▶ RECORDS FOR THIS TASK
----------

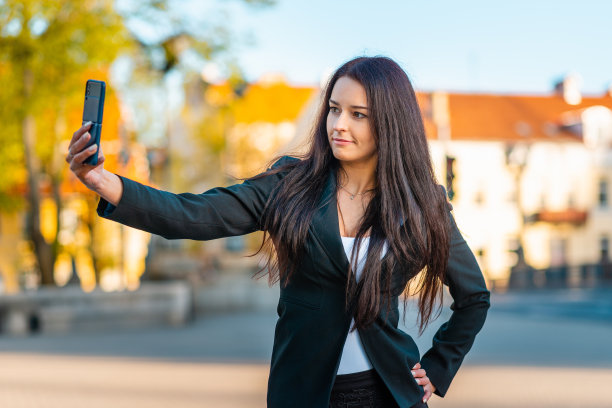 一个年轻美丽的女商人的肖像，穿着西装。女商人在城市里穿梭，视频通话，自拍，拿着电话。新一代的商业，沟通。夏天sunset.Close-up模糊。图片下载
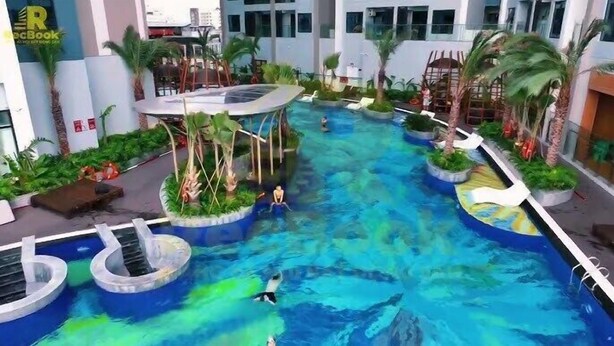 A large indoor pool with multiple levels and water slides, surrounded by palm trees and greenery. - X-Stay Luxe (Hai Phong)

----------

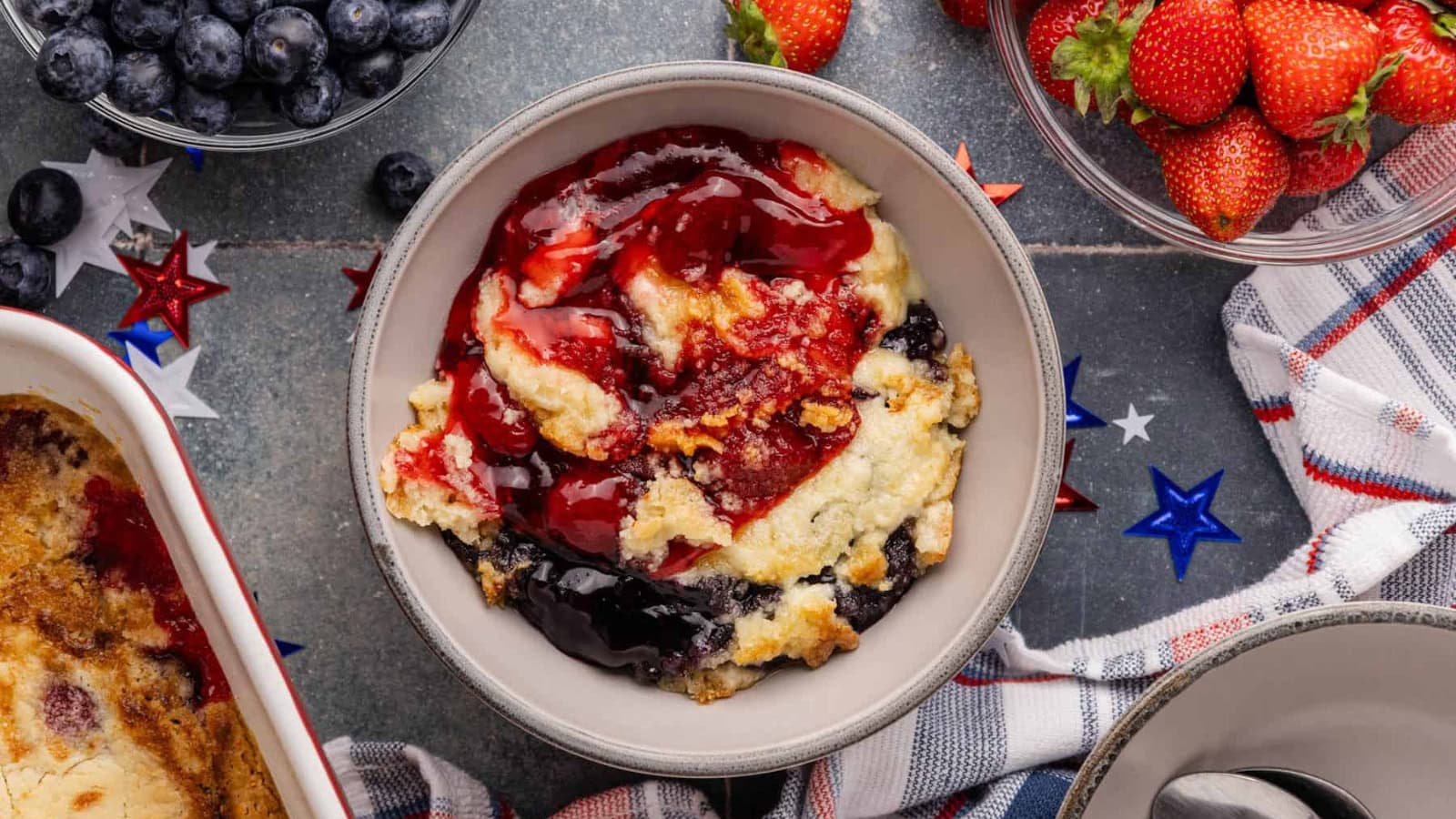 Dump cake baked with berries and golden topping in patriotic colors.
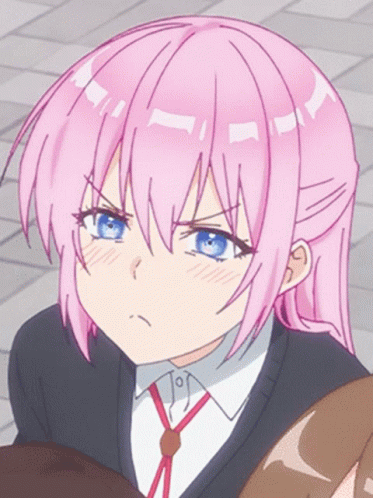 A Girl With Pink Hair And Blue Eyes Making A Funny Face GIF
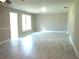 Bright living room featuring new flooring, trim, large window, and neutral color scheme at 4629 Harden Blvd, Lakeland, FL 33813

----------

▶ YOUR ASSIGNMENT
Using the records above, repeat exactly the run of lines that starts with the line with "一个年轻美丽的女商人的肖像，" and goes on through the line with "A large indoor"; omit each picture.

▶ ANSWER TO THIS TASK
 一个年轻美丽的女商人的肖像，穿着西装。女商人在城市里穿梭，视频通话，自拍，拿着电话。新一代的商业，沟通。夏天sunset.Close-up模糊。图片下载
 A large indoor pool with multiple levels and water slides, surrounded by palm trees and greenery. - X-Stay Luxe (Hai Phong)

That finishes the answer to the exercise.